Athletics: Tergat on target for new mark

TWELVE KILOMETRES of mud and turf at Belfast's Barnett Demesne stand between Paul Tergat and a place in the World Cross-Country Championship record book.

If the 29-year-old Kenyan can retain his title in Northern Ireland tomorrow he will equal the record set by his compatriot John Ngugi and extend the extraordinary domination of this event by his country.

Kenya have won the men's team title every year and, but for victories by Khalid Skah, of Morocco, in 1990 and 1991, have also held the individual title in that time. It was enough to make even the great Ethiopian Haile Gebrselassie give up the challenge. After finishing third in 1994 and fifth two years later, he decided to concentrate on the track - where things have gone tolerably well for him.

Ethiopian hopes now rest on the slim shoulders of a 17-year-old, Milion Wolde, who last month paced Gebrselassie to the latest of his world records, over 5,000m, at Birmingham's National Indoor Arena.

Wolde is far more than a pacemaker, however.
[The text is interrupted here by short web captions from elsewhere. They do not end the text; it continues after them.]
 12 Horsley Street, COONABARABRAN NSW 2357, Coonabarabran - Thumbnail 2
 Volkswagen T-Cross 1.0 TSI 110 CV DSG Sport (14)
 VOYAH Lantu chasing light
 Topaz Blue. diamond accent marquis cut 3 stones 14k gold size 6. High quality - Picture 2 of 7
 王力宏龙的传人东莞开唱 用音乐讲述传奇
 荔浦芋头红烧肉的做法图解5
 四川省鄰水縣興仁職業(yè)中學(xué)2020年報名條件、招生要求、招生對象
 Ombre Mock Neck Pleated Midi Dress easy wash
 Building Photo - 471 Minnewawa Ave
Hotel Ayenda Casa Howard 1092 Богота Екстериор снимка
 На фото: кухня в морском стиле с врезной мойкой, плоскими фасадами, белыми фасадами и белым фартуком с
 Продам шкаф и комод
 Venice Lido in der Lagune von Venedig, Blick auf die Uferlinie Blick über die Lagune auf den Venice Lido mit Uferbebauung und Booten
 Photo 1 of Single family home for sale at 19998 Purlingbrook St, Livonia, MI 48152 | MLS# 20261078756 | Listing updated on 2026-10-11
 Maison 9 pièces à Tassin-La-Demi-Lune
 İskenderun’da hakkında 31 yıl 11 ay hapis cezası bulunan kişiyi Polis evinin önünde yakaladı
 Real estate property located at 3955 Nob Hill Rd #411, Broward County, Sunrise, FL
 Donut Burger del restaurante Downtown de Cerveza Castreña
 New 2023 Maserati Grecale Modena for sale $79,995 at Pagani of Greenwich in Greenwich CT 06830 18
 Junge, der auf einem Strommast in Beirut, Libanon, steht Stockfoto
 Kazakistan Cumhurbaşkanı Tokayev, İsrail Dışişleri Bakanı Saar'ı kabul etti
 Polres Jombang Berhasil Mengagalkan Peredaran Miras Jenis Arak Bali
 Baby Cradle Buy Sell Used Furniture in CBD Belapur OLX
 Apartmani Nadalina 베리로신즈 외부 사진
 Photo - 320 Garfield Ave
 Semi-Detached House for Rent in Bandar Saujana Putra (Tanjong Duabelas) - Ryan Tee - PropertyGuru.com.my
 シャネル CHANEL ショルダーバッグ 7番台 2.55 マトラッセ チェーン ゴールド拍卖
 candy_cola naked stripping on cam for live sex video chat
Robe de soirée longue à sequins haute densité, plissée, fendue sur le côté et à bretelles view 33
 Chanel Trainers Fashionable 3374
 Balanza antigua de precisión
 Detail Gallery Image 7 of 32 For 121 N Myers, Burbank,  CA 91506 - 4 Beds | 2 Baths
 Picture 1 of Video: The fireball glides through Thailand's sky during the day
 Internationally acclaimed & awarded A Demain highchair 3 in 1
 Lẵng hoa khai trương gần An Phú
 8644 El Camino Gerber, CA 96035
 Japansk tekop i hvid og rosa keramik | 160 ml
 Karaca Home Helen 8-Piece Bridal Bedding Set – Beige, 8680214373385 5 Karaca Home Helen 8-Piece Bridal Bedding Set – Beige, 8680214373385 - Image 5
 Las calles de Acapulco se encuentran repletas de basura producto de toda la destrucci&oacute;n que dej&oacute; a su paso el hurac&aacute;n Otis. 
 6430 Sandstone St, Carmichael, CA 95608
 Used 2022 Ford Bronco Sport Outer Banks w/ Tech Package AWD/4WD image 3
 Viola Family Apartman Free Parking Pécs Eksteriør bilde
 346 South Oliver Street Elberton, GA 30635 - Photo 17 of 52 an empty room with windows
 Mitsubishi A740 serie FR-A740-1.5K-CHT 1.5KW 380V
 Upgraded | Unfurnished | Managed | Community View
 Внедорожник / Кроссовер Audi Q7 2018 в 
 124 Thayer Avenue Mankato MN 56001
World junior champion at cross-country and 5,000m last year, he showed his potential in senior cross-country racing by winning the Durham International event on 2 January, beating a field which included Kenya's highly-rated Thomas Nyariki and Britain's Jon Brown, the 1996 European champion.

Brown, 12th and 14th in the last two years, is seeking to break into the top 10 this time around, with the additional target of being the first European home. But the struggles of Brown, and team-mates such as the trials winner Glyn Tromans, will be a side-show to the main event tomorrow as Kenya and Ethiopia fight out a familiar battle.

Tergat, who briefly held the 10,000m world record in 1997, is believed to be back in top form after pulling out of a race in Italy on 14 March to protect what was described as a slight muscle strain. Among those looking for any sign of weakness, apart from Wolde, will be team-mates Nyariki and Paul Koech, and Salah Hissou, of Morocco, who finished runner-up to Tergat in 1996 and 1997.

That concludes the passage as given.